The Jeffrey's goby (Buenia jeffreysii) is a species of goby fish.

==Description==

It maximum length is 6 cm. It has 5–6 dorsal spines and 8–10 dorsal soft rays; 1 anal spine and 7–8 anal soft rays; and 30 vertebrae. The male can be distinguished by the second ray of the first dorsal fin, which is elongated.

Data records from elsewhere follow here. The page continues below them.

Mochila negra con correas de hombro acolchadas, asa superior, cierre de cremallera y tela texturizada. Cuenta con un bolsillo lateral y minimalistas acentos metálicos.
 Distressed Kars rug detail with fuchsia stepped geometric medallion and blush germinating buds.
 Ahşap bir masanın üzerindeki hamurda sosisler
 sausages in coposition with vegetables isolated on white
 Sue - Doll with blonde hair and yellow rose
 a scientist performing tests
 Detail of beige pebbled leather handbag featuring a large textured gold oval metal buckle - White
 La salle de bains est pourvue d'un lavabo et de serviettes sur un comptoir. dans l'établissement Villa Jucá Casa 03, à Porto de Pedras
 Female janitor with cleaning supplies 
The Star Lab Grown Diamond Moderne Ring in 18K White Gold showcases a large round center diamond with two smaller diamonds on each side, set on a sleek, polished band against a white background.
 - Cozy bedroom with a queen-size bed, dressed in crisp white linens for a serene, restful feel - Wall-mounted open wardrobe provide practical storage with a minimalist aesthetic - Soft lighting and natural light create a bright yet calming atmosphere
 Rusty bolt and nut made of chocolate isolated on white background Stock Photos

It is silvery in colour, with red and dark brown blotches.

==Habitat==

Jeffrey's goby lives in the North Atlantic Ocean; it is a demersal fish, living at depths of 5–330 m. It is common in the waters around Great Britain and Ireland. It is one of only two gobies that can live in the cold waters off southeast Iceland, the other being Lebetus scorpioides. It is also recorded in the Mediterranean Sea.

==Behaviour==

Jeffrey's goby spawns in May to September. Its eggs are pear-shaped and laid in mussel shells, and guarded by the male. It feeds on copepods, bony fish and crabs.